I’ve written an mcollective based Command and Control for Puppet that launches Puppet runs. The aim is to spread the CPU load on my masters out evenly to ensure I can use lower spec machines for masters. Or in my case I can re-use my master machines as monitoring and middleware nodes.

It basically has these features:

  • Discover the list of nodes to manage based on a supplied filter, I have regional masters so I will manage groups of Puppet nodes independently
  • Evenly spreads out the Puppet runs over an interval, if I have 10 nodes and a 30 minute interval I will get a run every 3 minutes.
  • Nodes run at a predictable time every time, even after reboots since the node list is just run through alphabetically. If the node list stays constant you’ll always run at the same time give or take 10 seconds. If nodes get added the behavior will be predictable.
  • Before scheduling a run it checks the overall concurrency of Puppet runs, if it exceeds a limit it will skip a background run.

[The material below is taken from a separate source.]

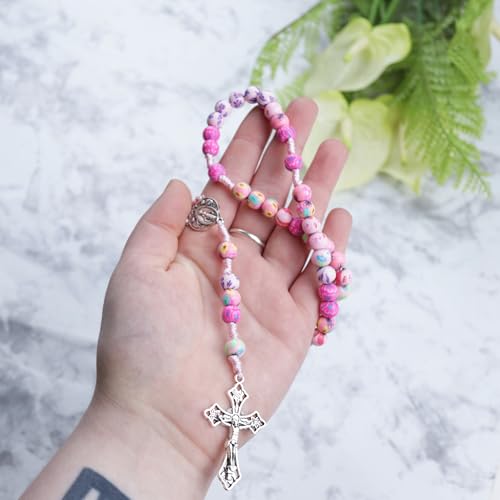 Needzo Floral Pink Cord Rosary, Colorful Prayer Bead Necklace, 16.5 Inches2
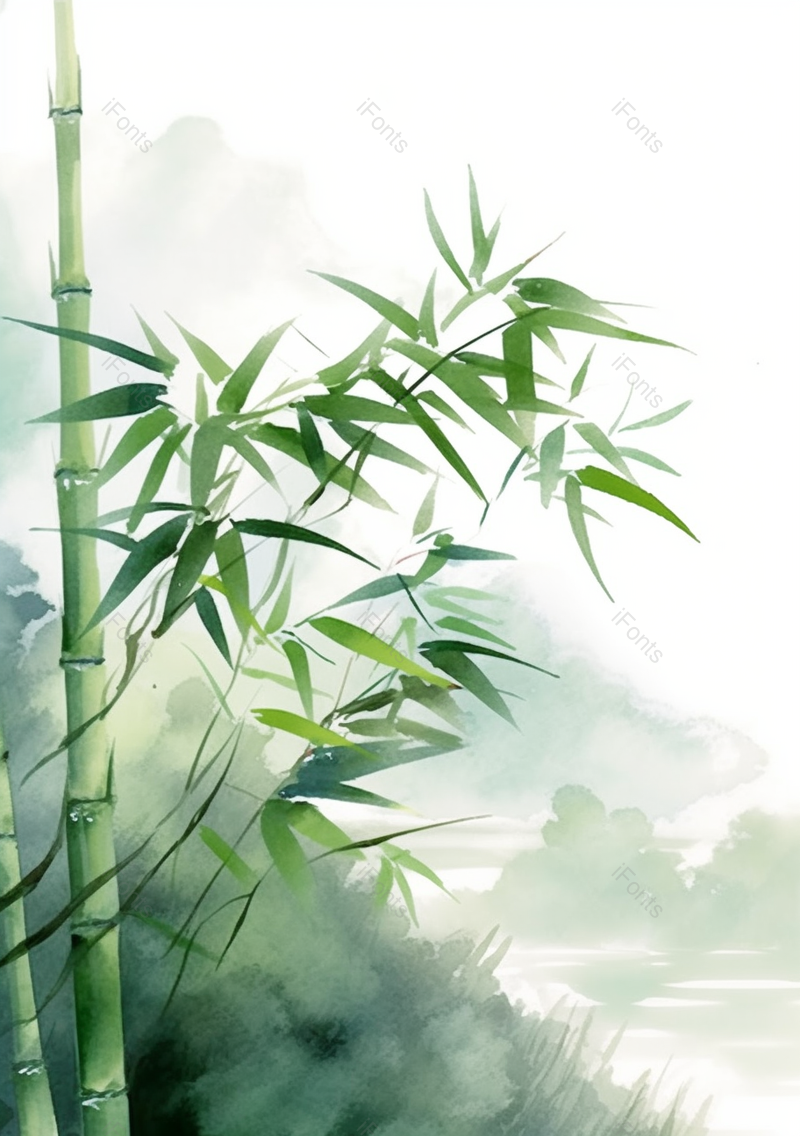 中国风水彩画彩色水彩插画竹林竹子翠绿色的竹叶远处山峰雾气弥漫的背景插画,插画/手绘图,插画/手绘图库,插画/手绘图下载,插画/手绘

I want to give priority to runs that I run by hand with –test, this ensures that happens.
  • If the client it is about to run ran its Catalog recently – maybe via –test – it will skip that run

The result is pretty good, spreading 6 nodes out over 30 minutes I get a nice even CPU spread, the spike in the graph after the change is when the node itself runs Puppet. The 2nd graph is eth0 network output, the dip is when localhost is running:

The resulting CPU usage is much smoother, there aren’t periods of no CPU usage and there are no spikes caused by nodes bunching up together.

Below output from a C&C session managing 3 machines with an interval of 1 minute and a max concurrency of 1, these machines were still running cron based puppetd so you can see the C&C is not scheduling runs when it hits the concurrency limit due to cron runs:

$ puppetcommander.rb --interval 1 -W /dev_server/ --max-concurrent 1
Wed Mar 17 08:31:29 +0000 2010> Looping clients with an interval of 1 minute(s)
Wed Mar 17 08:31:29 +0000 2010> Restricting to 1 concurrent puppet run(s)
Wed Mar 17 08:31:31 +0000 2010> Found 3 puppet nodes, sleeping for ~20 seconds between runs
Wed Mar 17 08:31:31 +0000 2010> Current puppetds running: 1
Wed Mar 17 08:31:31 +0000 2010> Puppet run for client dev1.my.net skipped due to current concurrency of 1
Wed Mar 17 08:31:31 +0000 2010> Sleeping for 20 seconds
Wed Mar 17 08:31:51 +0000 2010> Current puppetds running: 1
Wed Mar 17 08:31:51 +0000 2010> Puppet run for client dev2.my.net skipped due to current concurrency of 1
Wed Mar 17 08:31:51 +0000 2010> Sleeping for 20 seconds
Wed Mar 17 08:32:12 +0000 2010> Current puppetds running: 0
Wed Mar 17 08:32:12 +0000 2010> Running agent for dev3.my.net
Wed Mar 17 08:32:15 +0000 2010> Sleeping for 16 seconds

There are many advantages to this approach over some other that’s been suggested:

  • No host lists to maintain, it reconfigures itself dynamically on demand.
  • It doesn’t rely on some other on-master fact like signed certificates that breaks models where the CA is separate
  • It doesn’t rely on stored configs that doesn’t work well at scale or on a setup with many regional masters.
  • It doesn’t suffer from issues if a node isn’t available but it’s in your host lists.
  • It understands the state of the entire platform and so you can control concurrency and therefore resources on your master.
  • It’s easy to extend with our own logic or demands, the current version of the code is only 90 lines of Ruby including CLI options parsing.
  • Concurrency control can mitigate other problems. Have a cluster of 10 nodes, don’t want your config change to restart them all at the same time, no problem. Just make sure you only run 2 a time.

In reality this means I can remove 256MB RAM from my master – since I can now run fewer puppetmasterd processes, this will save me $15/month hosting fee on this specific master, it’s small change but always good to control my platform costs.